How has Google managed to knock $200 off the Pixel 5’s price? Simple: it’s using cheaper chipsets – Qualcomm’s Snapdragon 765G chipset to be precise. This CPU is not as powerful as the Snapdragon 865 which you’ll find inside the Galaxy S20 and OnePlus 8 Pro, but it does cost less – and this saving can be passed onto the consumer.
The other area where the Pixel 5 will differ from the Pixel 4a and Pixel 4a 5G is to do with cameras; both the Pixel 5 and Pixel 4a will use dual-lens cameras, but the Pixel 5 will use newer, more advanced lenses and this, combined with Google’s insane machine learning and image signal processing abilities, should translate into a vastly superior camera setup.

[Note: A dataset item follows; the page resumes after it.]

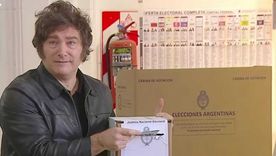 El presidente Javier Milei emitió su voto en la UTN. El presidente Javier Milei emitió su voto en la UTN.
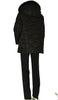 GIACCONE DONNA VIRGINIA BLU TAGLIE OVER TRAPUNTATO ZIP BOTTONI CAPPUCCIO TASCHE ART. CONF-DARLA-41C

So, to conclude: the Pixel 5 will have a better camera, a better display, a bigger battery, and superior internal spec compared to the Pixel 4a. Sadly, however, the Pixel 5 is almost certain to fall short of matching current releases like the OnePlus 8 and OPPO Find X2 Pro when it comes to overall performance, as Google is using an inferior chipset in its 2020 flagship.
Either way, whatever happens, Google’s Pixel 5 and Pixel 4a 5G will get a release date later this year, during the fall (or Autumn, if you’re in the UK).